My question is not idle. Each square attack table have a set significant attack bitboards separated by unused space. Used and unused bitboards seems to have a regular pattern, so it is probably possible to find a simple way to gather all separate squares hash tables in a one big hash table with less total size. At least bishops have a simple odd/even regularity, so it may be possible to interlace light/dark correspondent squares data together.

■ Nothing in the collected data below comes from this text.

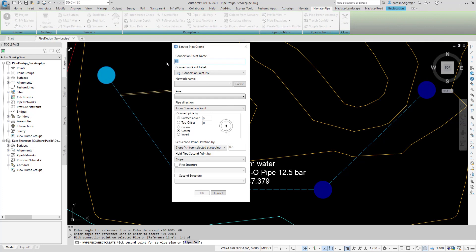If an object snap is used, the elevation is stored for later. In the dialog, start by entering the name of the connection point.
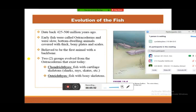Two groups of living fishes are supposed to have evolved from ostracoderms. Chondrichthyes mainly include fishes whose skeleton is made of cartilage, like sharks, rays, and skates. Osteichthyes are the fishes generally called bony fishes because they possess a bony skeleton.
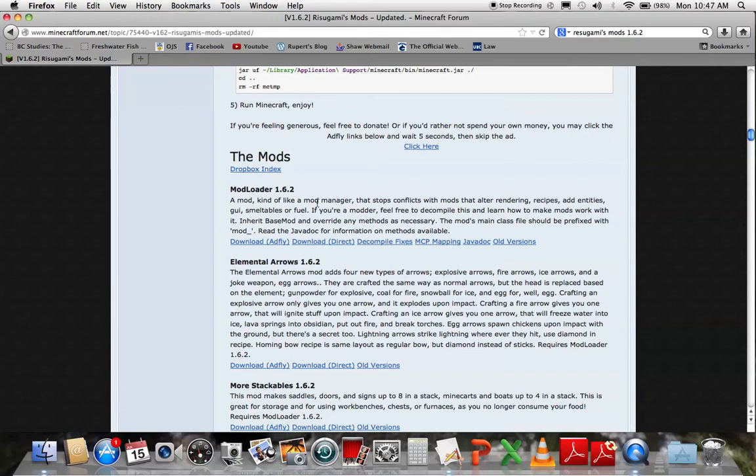So in this video I will be showing you how to install ModLoader for Minecraft 1.6.2. I'm going to make this as quickly as I can, so just right away.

For some odd reason I thought you guys were already doing that. So the magic for each square goes to a separate table? Of which only some fraction of the entries contain something useful?

You might try a sparse-array-fitting approach. I.e. imagine you had a 2-dimensional array where most of the entries were zero (or something equally predictable). That sparse array could be compressed like this:

(1) slice the array into rows. Have a 1-dimensional array of pointers, with one pointer per row, that shows you where the "start" of the data for each row is.
(2) the data itself would store an additional value (a row ID) next to each used slot; this extra value says what row the slot is being used by.
(3) Now build up a 1-d array of the data by adding each row one by one in a greedy manner. All you have to do is find a starting offset such that none of the non-zero elements of the row are already being used by some element of a different row (when the data is sparse, this is pretty easy to do). Once you find the right spot, you set the pointer for that row to point to the start of its data, and go through and mark all the non-zero elements as belonging to this row and put the data in them.

For a sparse 2-d array, the resulting data structure can be a lot smaller than the original full-sized array. If the number of non-zero elements N is much lower than the total array size, the resulting data structure tends to be O(kN) in size for some smallish constant k.

When querying this thing, you would:
(1) get the pointer for the row you want to query.
(2) add the column offset to that pointer.
(3) check if the cell pointed to "belongs to that row". If it has the row ID of the row you are querying, then return the data value from the cell. If it has any other row ID, return zero.


Anyways, maybe a similar approach could be applied to the magic hash tables? Just greedily fit them together in an overlapping way, such that none of the cells is needed by the magic of more than one square. You don't even need a row ID, since the hash functions can only map to certain slots and you made sure up front that there were no collisions at those slots.

[Aleks Peshkov]

You might try a sparse-array-fitting approach. I.e. imagine you had a 2-dimensional array where most of the entries were zero (or something equally predictable). That sparse array could be compressed like this:...

The code of magic bitboard method is:

Code: Select all

return lookup[(occupied & mask) * magic >> shift];

The freedom only in choosing lookup and magic constants.

[Harald]

I haven't tried magic bitboards approach yet, but wouldn't the rotated bitboards work out faster since you're indexing smaller arrays?
Or is it too hard to tell which would be faster without testing both?

In a thread starting here
http://www.talkchess.com/forum/viewtopi ... s+compared
I tried to find some answers to this question.
http://www.talkchess.com/forum/viewtopi ... 11&t=16002

Harald

[bob]

I haven't tried magic bitboards approach yet, but wouldn't the rotated bitboards work out faster since you're indexing smaller arrays?
Or is it too hard to tell which would be faster without testing both?

In a thread starting here
http://www.talkchess.com/forum/viewtopi ... s+compared
I tried to find some answers to this question.
http://www.talkchess.com/forum/viewtopi ... 11&t=16002

Harald

I found zero difference in the speed of the two, but magic bitboards eliminate the need for the rotated bitboards, which means you can generate attacks whenever you want, with whatever piece configuration you want, without having to update 3 other boards in addition to the primary one.

But if speed is all you are looking at, I found zero difference in speed when I removed all the rotated bitboard stuff (including rotated updates in make/unmake) and replaced it by magic generation.